This experiment proposes a diagram for displaying the results of a data matching (aka record linkage) problem. In this kind of problems, two different datasets A and B are automatically compared, in order to find pairs of records that refer to the same real-world entity. We took the assumption of representing the results of a constrained matching problem, where the matching function is a one-to-one mapping (a bijective function from A to B). The implication is that the number of matches found in A is equal to the number of matches found in B.
The number of elements in A and B is represented by the length of two justaxposed, “misaligned” bars. A is depicted in brown-orange, while B in different shades of cyan. The number of matches is proportional to the length of the aligned portion of the bars (represented with more vivid colors). The remaining parts show the unmatched records in A (brown) and B (darker cyan).

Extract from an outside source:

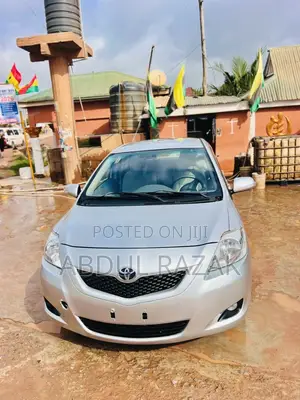 Toyota Belta 2012 Silver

The diagram could have been made more theoretically correct by aligning the two bars on the same y coordinate, thus keeping both the bars representing unmatched records to the right. This would have enabled a better evaluation of the quantities encoded in the diagram, making it easier to compare the amount of unmatched records found in the two datasets. However, we feel that our design presents a more intuitive depiction of a matching process, yielding a better metaphor than the theoretical approach, sort of a quantitative version of the classic two-sets Venn diagram.
Terminology about data matching tasks is mainly from Cohen et al. 2002.